YOUR TASK: Wherever the line with "Villa Signature | Vardagsrum" sits in the listing below, transcribe from it up to and including the line with "Ćuta – Vlada poklanja Generalštab", exactly, and leave the remaining lines out.

==== MATERIAL SUPPLIED ====

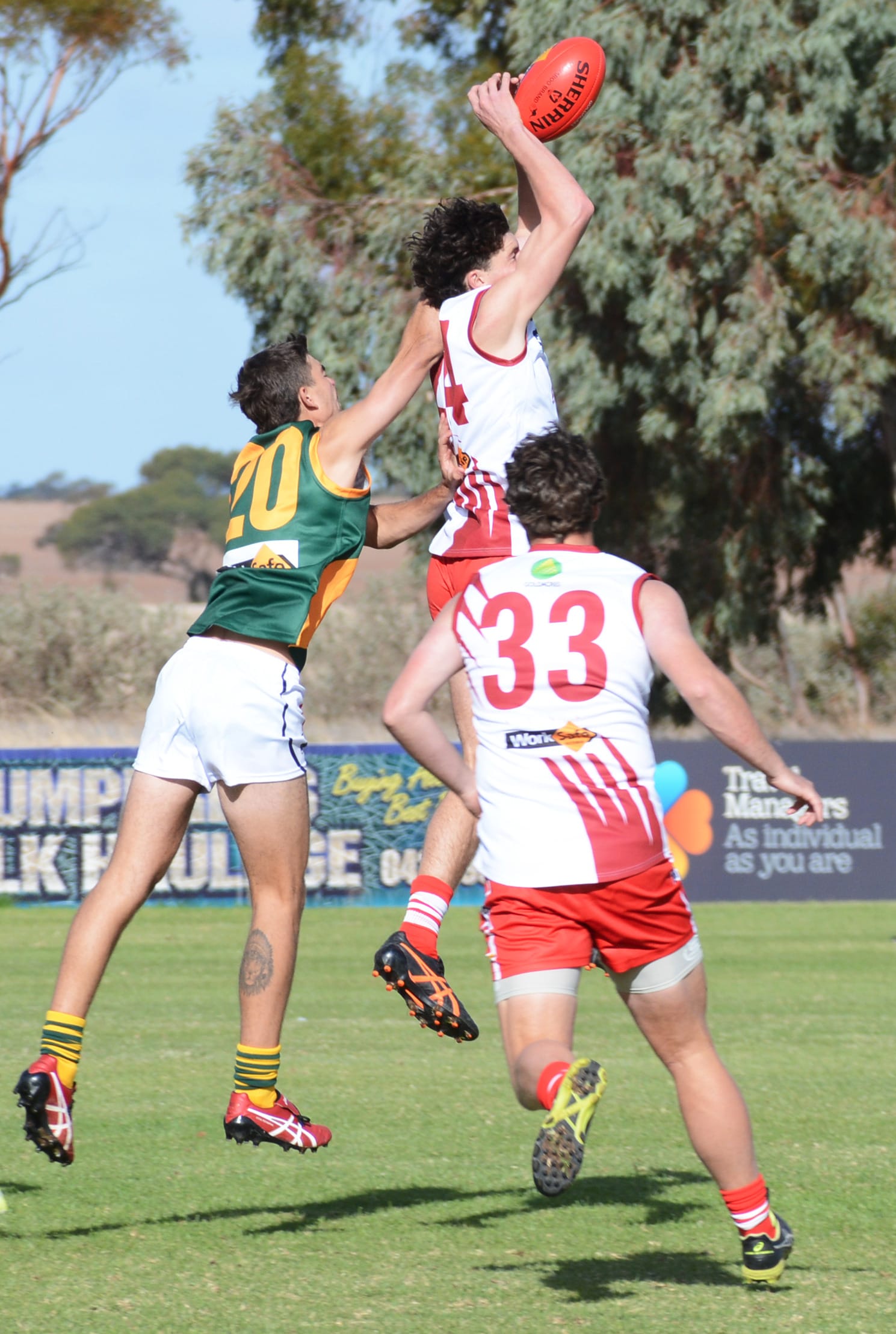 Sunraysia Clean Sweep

====
==== MATERIAL SUPPLIED ====

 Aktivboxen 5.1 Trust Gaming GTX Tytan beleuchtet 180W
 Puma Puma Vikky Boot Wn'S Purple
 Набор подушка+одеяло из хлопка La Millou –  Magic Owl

====
==== MATERIAL SUPPLIED ====

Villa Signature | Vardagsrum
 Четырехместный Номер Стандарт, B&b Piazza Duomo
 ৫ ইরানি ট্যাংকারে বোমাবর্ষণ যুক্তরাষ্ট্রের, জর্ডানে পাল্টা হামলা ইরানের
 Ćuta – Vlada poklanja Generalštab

====

TASK ANSWER:
Villa Signature | Vardagsrum
 Четырехместный Номер Стандарт, B&b Piazza Duomo
 ৫ ইরানি ট্যাংকারে বোমাবর্ষণ যুক্তরাষ্ট্রের, জর্ডানে পাল্টা হামলা ইরানের
 Ćuta – Vlada poklanja Generalštab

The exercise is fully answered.